🤖 AI Summary
This study addresses the propensity of large language models to generate unsupported hallucinations in Islamic question answering and their lack of a mechanism to abstain when evidence is absent. To tackle these issues, the authors introduce ISLAMICFAITHQA, the first atomic-level bilingual benchmark for trustworthy religious QA, and propose an agent-based retrieval-augmented generation (RAG) framework that leverages structured tool calling for iterative retrieval and answer refinement.
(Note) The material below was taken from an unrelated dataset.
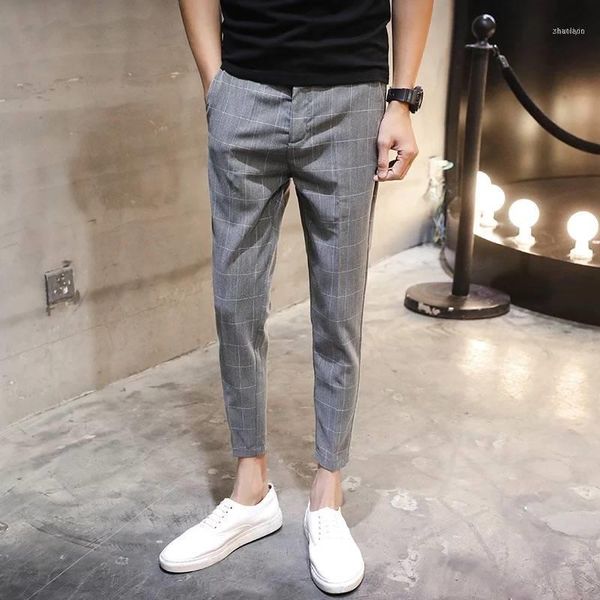 suit pants fashion elegant men's dress plaid straight ankle-length slim fit formal trousers black l931, White;black
suit pants fashion elegant men's dress plaid straight ankle-length slim fit formal trousers black l931, White;black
They align model rewards using Arabic-grounded supervised fine-tuning (SFT) reasoning pairs and bilingual preference data, and construct a verse-level retrieval corpus covering approximately 6,000 Quranic verses. Experiments demonstrate that the proposed approach significantly enhances model faithfulness and cross-lingual robustness, outperforming standard RAG on both Arabic and multilingual models, with even compact architectures such as Qwen3-4B achieving state-of-the-art performance.
📝 Abstract
LLMs are increasingly used for Islamic question answering, where ungrounded responses may carry serious religious consequences. Yet standard MCQ/MRC-style evaluations do not capture key real-world failure modes, notably free-form hallucinations and whether models appropriately abstain when evidence is lacking. To shed a light on this aspect we introduce ISLAMICFAITHQA, a 3,810-item bilingual (Arabic/English) generative benchmark with atomic single-gold answers, which enables direct measurement of hallucination and abstention. We additionally developed an end-to-end grounded Islamic modelling suite consisting of (i) 25K Arabic text-grounded SFT reasoning pairs, (ii) 5K bilingual preference samples for reward-guided alignment, and (iii) a verse-level Qur'an retrieval corpus of $\sim$6k atomic verses (ayat). Building on these resources, we develop an agentic Quran-grounding framework (agentic RAG) that uses structured tool calls for iterative evidence seeking and answer revision. Experiments across Arabic-centric and multilingual LLMs show that retrieval improves correctness and that agentic RAG yields the largest gains beyond standard RAG, achieving state-of-the-art performance and stronger Arabic-English robustness even with a small model (i.e., Qwen3 4B). We will make the experimental resources and datasets publicly available for the community.